I had given up on using AdSense just before I miraculously got an approval last week. The AdSense team had grown tired of seeing my application repeatedly to the extent that they don’t check my website anymore, they just click the disapprove button and I get the AdSense disapproval notification in my email informing me I have just been disapproved because my site doesn’t comply.
Well, I even got rejected in the AdSense products forum, where the white experts said I will never be approved by AdSense. I didn’t feel bad, no, because they don’t know it all. The AdSense policies will favour those with above 300k visits per month, even with copied or duplicate content. If you’re struggling to make 30k visits or page views per month, please strictly adhere to their guidelines.

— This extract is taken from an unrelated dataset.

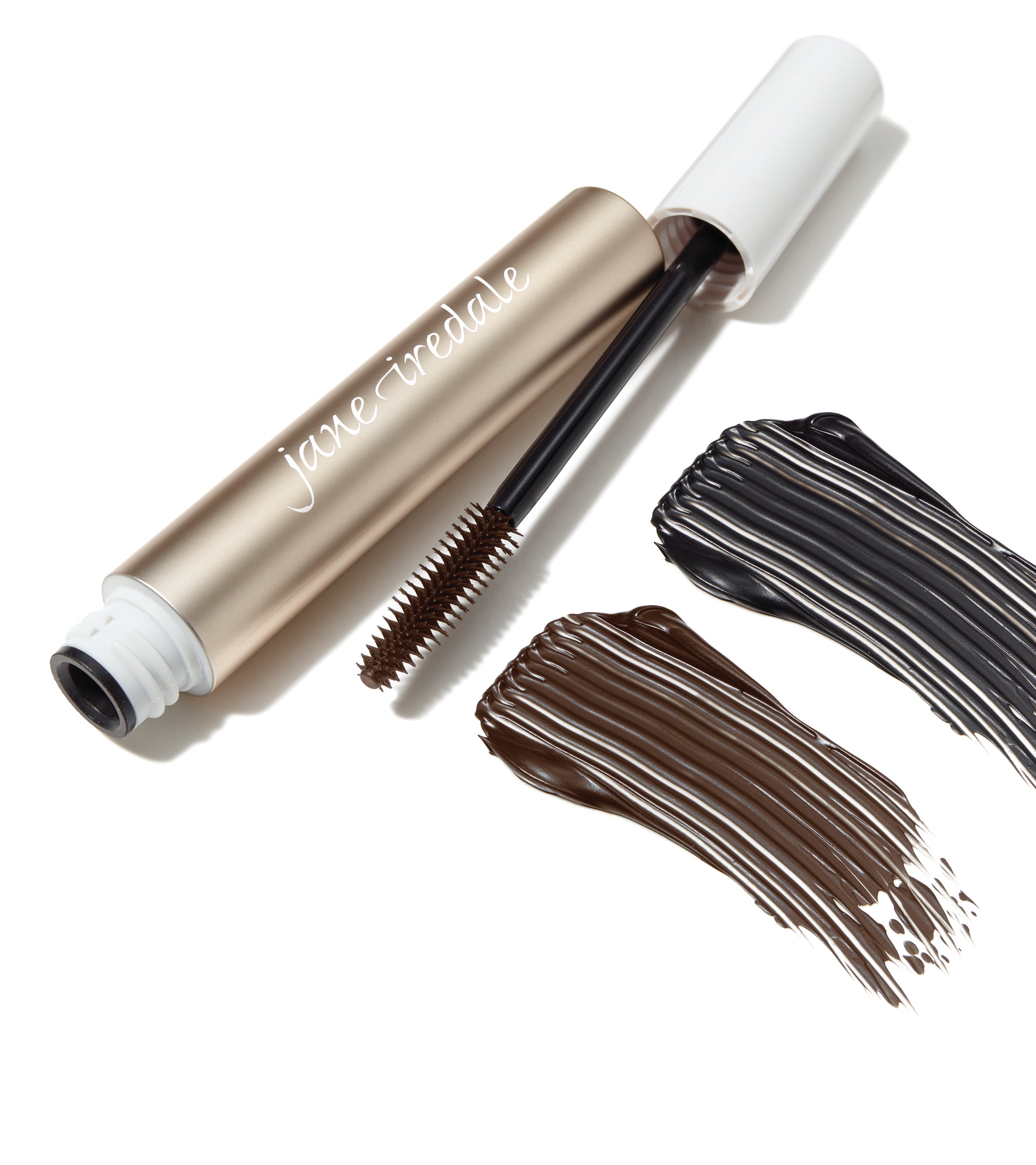 Lash Fixation Length & Definition Tubing Mascara with wand and brown-black swatches, showcasing lengthening, smudge-proof formula available at Beauty Shop Bellaire.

Why do you think highly trafficked news and music sites with duplicate and overly short content get approved easily and show AdSense ads all over like a trader showcasing his products? The things is, AdSense doesn’t care about your content length, Google does. AdSense doesn’t care about duplicate content (that’s how websites with duplicate news content get approved), Google does.
AdSense cares about the value of your blog in terms of the blog niche and traffic. So, how did I finally get approved? The first thing I did was to observe the policies and the flaws, then I noticed the rate at which duplicate news sites display AdSense ads. It was confusing at first until I logically came up with an answer that in a cocktail party expansive paintings are sold to the personalities with the highest bids.
So, AdSense wants to make more sales or earn more money, and the best way to do that is to put ads on the most trafficked blogs (as long as they don’t do adult content and stuff like that). Here’s exactly how I got approved:
#1:
I created 100 good question answering posts in 2 months (gave the AdSense team time to forget my site name). Kept on blogging without thinking too much about the 18+ AdSense Noreply mails in my gmail.
#2:
I logged on to AdSense.com a week after the 100 good posts went online and I started getting organic hits or traffic (my rankings climbed 210% up the ladder after I did this). I registered via AdSense.com (no more google.co.uk/adsense).
#3:
I added the Disclaimer, About Us and Privacy Policy pages to my blog. To add a professional privacy policy, just search for the phrase “Create AdSense privacy policy” on Google, you’ll have a couple of Privacy Policy creation web applications to choose from.
#4:
After that, I logged into AdSense via AdSense.com the following day and I could access my account. The account was still undergoing a second review so I copied the page level ads code (the code they’ll ask you to copy and paste in the segment of your blog) into my blog’s segment. They’ll tell you the review takes 3 or more days, mine took 3 weeks and within the 3 weeks I saw blank ad spaces on my blog.
#5:
Three weeks later, AdSense ads started showing up on the moss9ja blog. Guys, AdSense is not much of a complicated Ad program, it’s being too careful to protect it’s advertisers. If you think you’re doing things right but they’re still not approving, move on, change your template and almost everything about your site and reapply through AdSense.com. It should work.